# Search API usage example

This notebook shows how to use the Search API.

This API (see the [source code here](api.py)) acts as a broker between users and the Elasticsearch service, hosted on a cloud.  It basically recives requests, passes them onto Elastissearch (via the [Python client](https://www.elastic.co/guide/en/elasticsearch/client/python-api/current/index.html)), and returns the results as JSON.  It mirrors the parameterization of the respective Elasticsearch API methods.

Note that you don't need to run anything locally, the source code is merely provided for transparency.

![Search API](search_api.png)

You talk to the Search API using HTTP requests. 

In [1]:
import urllib
import requests
import json

In [2]:
API = "http://gustav1.ux.uis.no:5002"

MAIN_INDEX = "clueweb12b"
ANCHORS_INDEX = "clueweb12b_anchors"

## Search

Executing a search query using [es.search()](https://elasticsearch-py.readthedocs.io/en/master/api.html#elasticsearch.Elasticsearch.search) and returns the search hits

Parameters:
  - `q` (mandatory): query
  - `df` (mandatory): field to search in
  - `size` (optional): number of hits to return (default: 10)

In [3]:
def search(indexname, query, field, size=10):
    url = "/".join([API, indexname, "_search"]) + "?" \
          + urllib.parse.urlencode({"q": query, "df": field, "size": size})
    response = requests.get(url).text
    return json.loads(response)

### Generating rankings for a set of queries

The code below is used for generating the first-pass (BM25) ranking (top-100 documents based on the content field).

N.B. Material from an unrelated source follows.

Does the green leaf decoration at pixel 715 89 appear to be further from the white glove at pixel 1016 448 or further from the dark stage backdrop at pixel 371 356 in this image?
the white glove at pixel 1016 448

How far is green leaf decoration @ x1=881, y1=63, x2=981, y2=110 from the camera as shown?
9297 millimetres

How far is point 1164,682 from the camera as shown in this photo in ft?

(For your actual submissions, make sure you use the file that is provided in your private repository. You may use the code below to generate a temporary file that can be used during development.) 

In [4]:
QUERIES_FILE = "data/queries.txt"
OUTPUT_FILE = "data/ranking_bm25_temp.csv"

In [5]:
def load_queries(query_file):
    queries = {}
    with open(query_file, "r") as fin:
        for line in fin.readlines():
            qid, query = line.strip().split(" ", 1)
            queries[qid] = query
    return queries

In [6]:
queries = load_queries(QUERIES_FILE)

with open(OUTPUT_FILE, "w") as fout:
    fout.write("QueryId,DocumentId\n")  # header
    for qid, query in sorted(queries.items()):
        print("Ranking documents for [{}] '{}'".format(qid, query))
        res = search(MAIN_INDEX, query, "content", size=100)
        for doc in res.get('hits', {}).get("hits", {}):
            fout.write("{},{}\n".format(qid, doc.get("_id")))

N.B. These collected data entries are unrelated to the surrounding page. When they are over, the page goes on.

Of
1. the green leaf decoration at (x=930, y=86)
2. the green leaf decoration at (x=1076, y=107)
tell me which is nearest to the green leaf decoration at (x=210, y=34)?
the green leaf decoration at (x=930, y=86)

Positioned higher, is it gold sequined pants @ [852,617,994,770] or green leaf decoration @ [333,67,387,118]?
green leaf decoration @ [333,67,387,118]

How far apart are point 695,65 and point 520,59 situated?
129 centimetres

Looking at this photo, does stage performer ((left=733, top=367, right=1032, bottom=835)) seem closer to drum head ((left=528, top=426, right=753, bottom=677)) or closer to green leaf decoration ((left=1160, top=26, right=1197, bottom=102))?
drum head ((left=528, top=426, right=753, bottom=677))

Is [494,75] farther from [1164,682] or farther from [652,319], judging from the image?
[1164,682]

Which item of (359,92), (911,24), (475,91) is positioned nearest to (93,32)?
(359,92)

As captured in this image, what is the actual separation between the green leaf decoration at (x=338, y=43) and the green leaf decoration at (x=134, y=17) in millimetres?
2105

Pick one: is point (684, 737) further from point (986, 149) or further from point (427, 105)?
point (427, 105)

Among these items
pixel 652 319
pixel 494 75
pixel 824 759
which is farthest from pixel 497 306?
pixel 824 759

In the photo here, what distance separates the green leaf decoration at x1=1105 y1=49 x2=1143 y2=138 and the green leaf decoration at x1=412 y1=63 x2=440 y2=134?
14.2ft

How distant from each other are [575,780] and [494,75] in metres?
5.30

Ranking documents for [201] 'raspberry pi'
Ranking documents for [202] 'uss carl vinson'
Ranking documents for [203] 'reviews of les miserables'
Ranking documents for [204] 'rules of golf'
Ranking documents for [205] 'average charitable donation'
Ranking documents for [206] 'wind power'
Ranking documents for [207] 'bph treatment'
Ranking documents for [208] 'doctor zhivago'
Ranking documents for [209] 'land surveyor'
Ranking documents for [210] 'golf gps'
Ranking documents for [211] 'what is madagascar known for'
Ranking documents for [212] 'home theater systems'
Ranking documents for [213] 'carpal tunnel syndrome'
Ranking documents for [214] 'capital gains tax rate'
Ranking documents for [215] 'maryland department of natural resources'
Ranking documents for [216] 'nicolas cage movies'
Ranking documents for [217] 'kids earth day activities'
Ranking documents for [218] 'solar water fountains'
Ranking documents for [219] 'what was the name of elvis presley's home'
Ranking documents for [

## Exists

Checking whether the given document ID exists in that index using [es.exists()](https://elasticsearch-py.readthedocs.io/en/master/api.html#elasticsearch.Elasticsearch.exists).

In [7]:
def exists(indexname, doc_id):
    url = "/".join([API, indexname, doc_id, "_exists"])
    response = requests.get(url).text
    return json.loads(response)['exists']
    
print(exists(MAIN_INDEX, "clueweb12-0713wb-35-00870"))
print(exists(MAIN_INDEX, "clueweb12-0906wb-09-33744"))

True
False


## Analyzer

Returns the analyzed version of the input text using [es.indices.analyze()](https://elasticsearch-py.readthedocs.io/en/master/api.html#elasticsearch.client.IndicesClient.analyze).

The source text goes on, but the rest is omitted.